As strange of a request as this may seem, I am trying to put together a nice HT system, for my electronics showroom area. I am not thinking to DIY all the speakers, just the sub.

In the TV area, I am planning on displaying 6 various sized LCD's and Plasma's on one wall and thought that it would be good if the wall as a feature wall could bring some impact to the video presented.
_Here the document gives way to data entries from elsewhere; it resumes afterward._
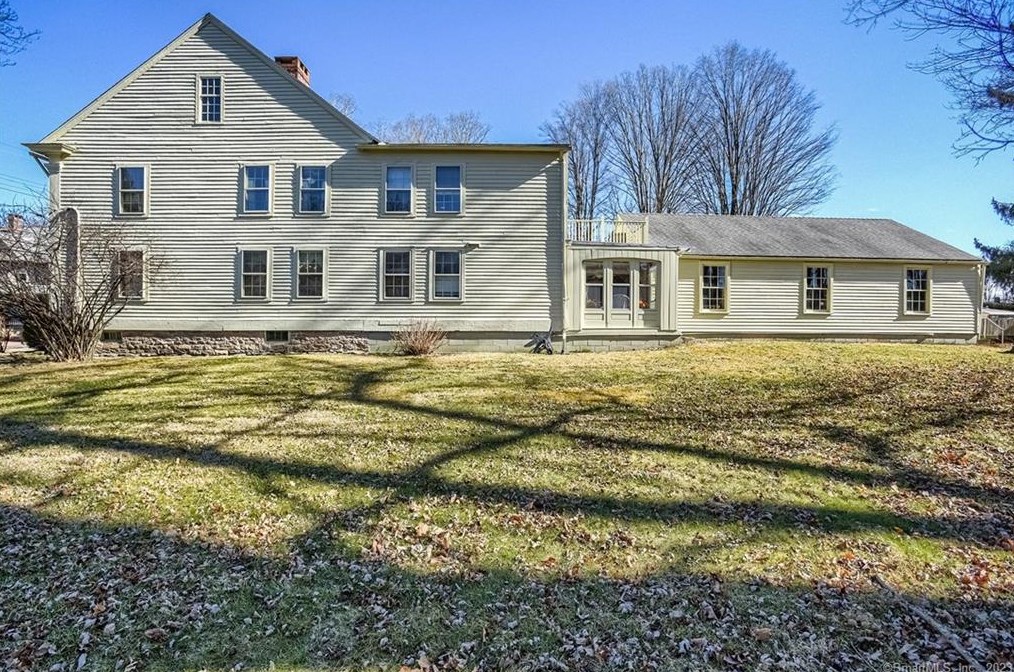 44 E Town St, Norwich, CT 06360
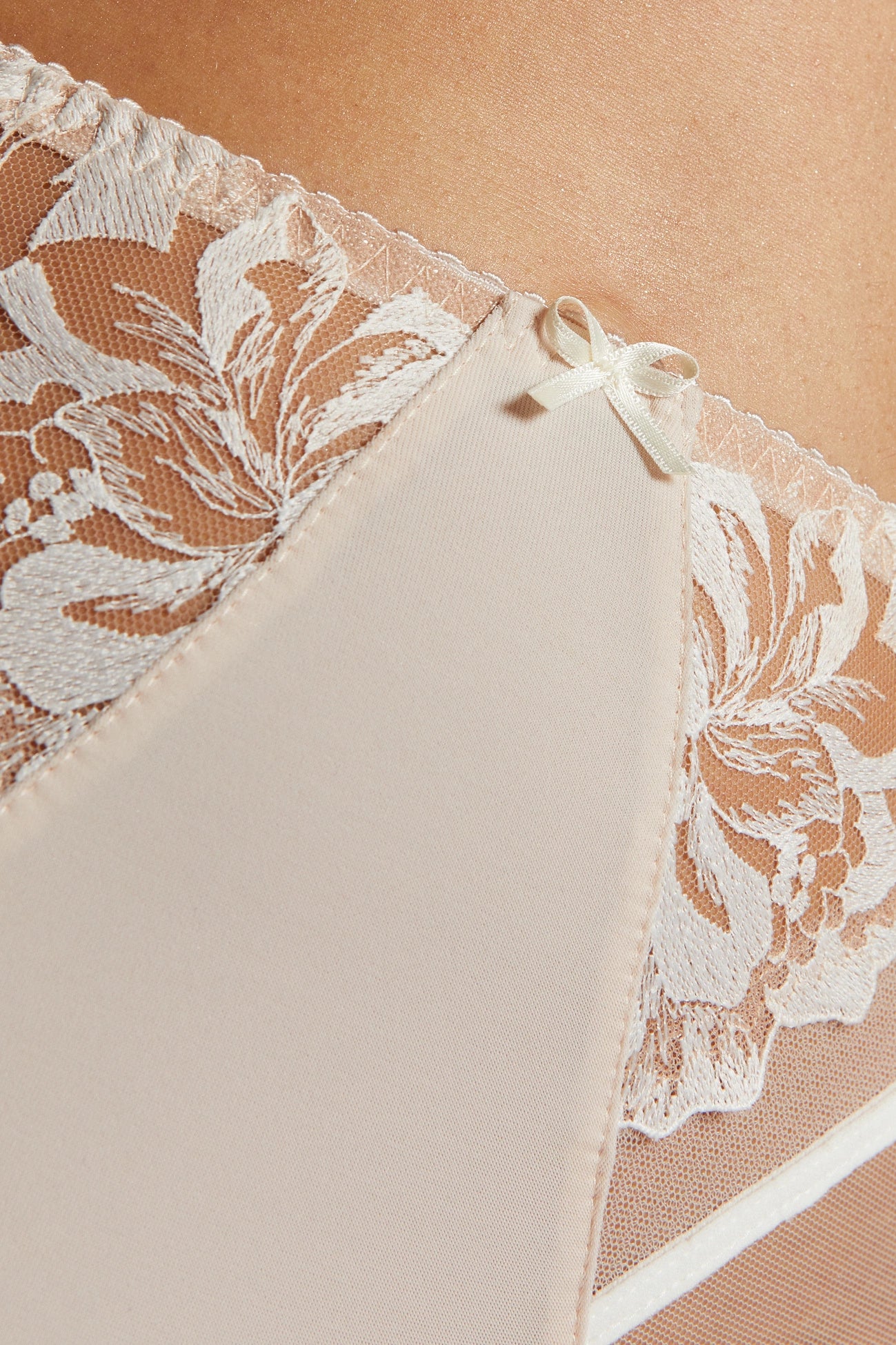 Höschen mit hoher Taille aus glattem Strick und floraler Stickerei 202860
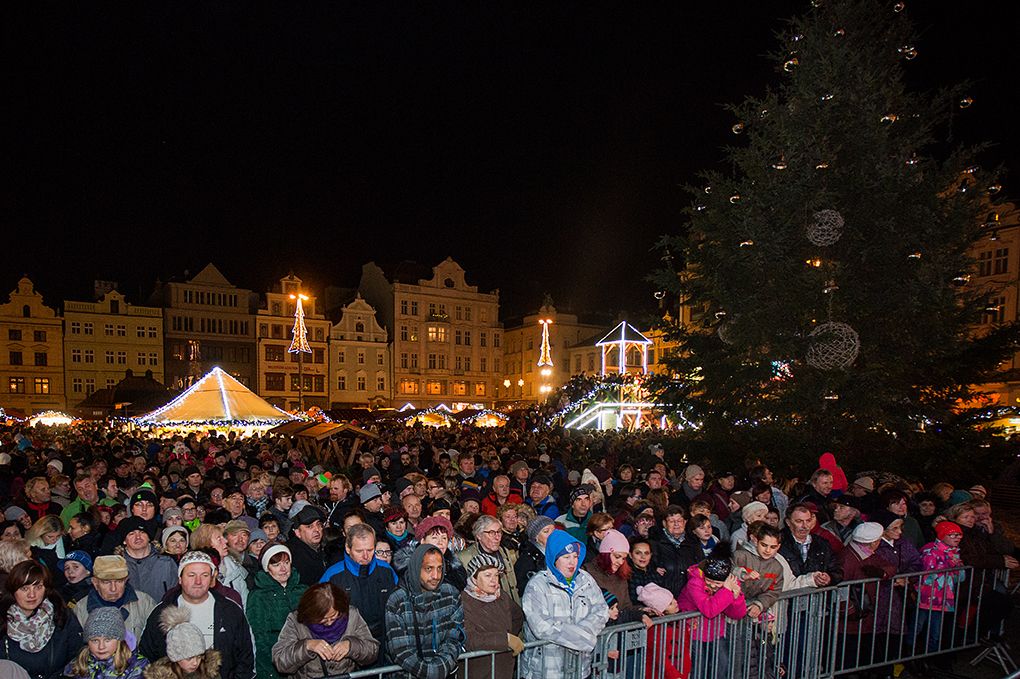 Plzeň rozsvítila svůj vánoční strom (foto: M. Chaloupka / M. Pecuch, 27.11.2016)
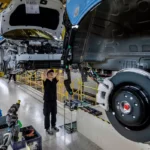 El Gobierno de México analiza imponer aranceles de hasta 50% a vehículos, autopartes y materias primas de China y países sin acuerdo comercial. Expertos advierten que la medida afectaría al mercado de refacciones y a armadoras que importan desde Asia. Foto: Expansión MX.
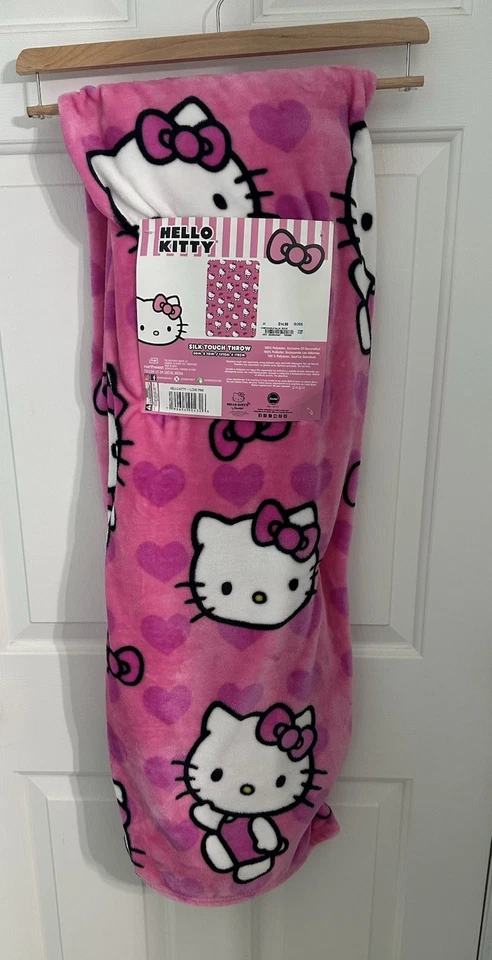 Hello Kitty PINK Throw 50x70 SILK TOUCH THROW Sanrio 100 Polyester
So, looking for some ideas for a DIY Sub build. Size isn't a huge factor, but I would like the box size to be under 30 D x 24W x 24W if possible. I would even go with a pair if anyone thinks that would work.

Budget is $1000.00

Hit me up with some ideas.


----------



## 60ndown (Feb 8, 2007)

look for the 

wo32,

here,

www.decware.com

subwoofers dont get any better.

"Dual Folded Horn using two ten inch subs. This is a high performance solution to the slow, colored, boomy bass found in so many store bought subwoofers. THE audiophile subwoofer."


----------



## thylantyr (Jan 21, 2008)

*Subwoofer Tests*

http://www.hometheatershack.com/forums/subwoofer-tests/

*Performance Summary*
http://www.hometheatershack.com/for...010-standard-compilation-new-information.html

Commercial and DIY subs tested.

Check it out, figure out what SPL levels you want and narrow the choice
down, then come back.


----------



## SQHEAD (Mar 15, 2005)

thylantyr said:


> *Subwoofer Tests*
> 
> http://www.hometheatershack.com/forums/subwoofer-tests/
> 
> ...


Very good info....thanks for sharing those links

Dave Crigna


----------



## BaSiCEvil (Mar 14, 2007)

Thanks for the resources links.

I looked through all that and then also read a little on hometheatershack.com

Tried to model a Soundsplinter RP-P15 and the Tempest, but I think that I may be doing something wrong as I can't seem to get the model to get down low now matter what parameters I change.

Can anyone help me out?


----------



## Robert_J (Nov 9, 2006)

The Soundsplinter is a low end monster. Build a large box and tune it low. Soundsplinter has a section at Home Theater Shack. You will find dozens on examples there.

-Robert


----------



## BaSiCEvil (Mar 14, 2007)

I think that I have made a decision on the sub and wanted to see what you guys thought.

But first, here's a picture of the area that will undergo some changes in the next few weeks...



















For speakers, I decided to go with the JBL Studio L Series. Going to be putting a full 7.1 system together.

For sub duties, I am thinking about 2 CSS SD12's each in the 4 cubic ported enclosure.

There will be a half wall added to the area to keep it somewhat private during HT Demos with clients. I will also be adding a couch to the area.


----------



## Oliver (Jun 25, 2007)

http://www.acoustic-visions.com/~acoustic/products/subwoofer_drivers/CSS_SD12/

Looks like a wise choice


----------



## niceguy (Mar 12, 2006)

IIRC, the Shiva X is only $10 more w/a decent amount more excursion, not that xmax is everything..

BTW, I really like my L880s....


----------